Senior transfer Bubba Jenkins, left, speaks with new teammate Te Edwards before a voluntary workout in Tempe. Jenkins, a runner-up at the 2008 NCAA Championships, hopes to become ASU's ninth national champion. (Photo by Nick Kosmider)

Bubba Jenkins has come to the desert to light a fire.

A transfer from Penn State, Jenkins, runner-up at the 2008 NCAA Championships, will spend his final collegiate season wrestling for ASU, and he hopes to bring immediate energy and leadership to a team aiming to improve under second-year coach Shawn Charles.

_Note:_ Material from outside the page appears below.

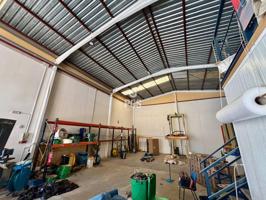Venta de local comercial en Totana photo 0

Jenkins, who will move up a weight class to 157 this season, has set his individual goals high, hoping to become the ninth individual national champion in school history. The Virginia native said he is also looking forward to taking on a role as teacher to younger teammates.

“They already know that I’m proven, so my words carry a little bit more and my leadership can carry a little bit more,” Jenkins said. “I’ve kind of been in a tougher conference than some of these guys, so I have experiences I can tell them [about] and just instruct them on things to do and things not to do. It’s not like I’m coming here as a freshman and I can’t really say anything.”

Charles, who was an All-American and two-time NCAA runner-up when he wrestled at ASU in the early ’90s, is optimistic his newest wrestler will have an immediate impact both on the mat and in the locker room.

“I expect [Jenkins] to contribute in a lot of ways,” Charles said. “One is being a leader in our program. He’s been in the NCAA finals and I’m looking for him to show and help guide these other young men to help them accomplish that same goal for themselves.

“I’m also looking for him to play a leadership role in our program and win matches. Obviously, we want him to come here and be very successful and be our ninth national champion at Arizona State.”

Jenkins has made his reason for leaving Penn State clear. He and coach Cael Sanderson failed to see eye-to-eye, the latter forcing the former off the team after Jenkins was academically ineligible last fall.

“I don’t like him at all,” Jenkins said. “He’s got his fans and people who are going to love him, but I’ve dealt with him as a person, and I know who he is as a person. He’s not someone I would send my kid to and not someone I would want leading my team, so it was time to move on.”

As a stipulation of his release from Penn State, Jenkins was unable to transfer to a school in the Big Ten or the Big 12, but the senior said landing at ASU and wrestling under Charles was “the perfect fit.”

But next season at ASU will be the last wrestling for Jenkins.

“Right when I get done wrestling, right after I win a national championship and get these guys a ring for themselves, I’m moving out of wrestling and starting to fight in the UFC,” Jenkins said of his future plans. “People are calling me left and right, saying you need to [wrestle] freestyle, you need to go freestyle, but it’s a new era and I’ve been doing this wrestling thing for a while, so I’m trying to evolve and get into UFC while I’m young and while my body can still do things I need it to do.”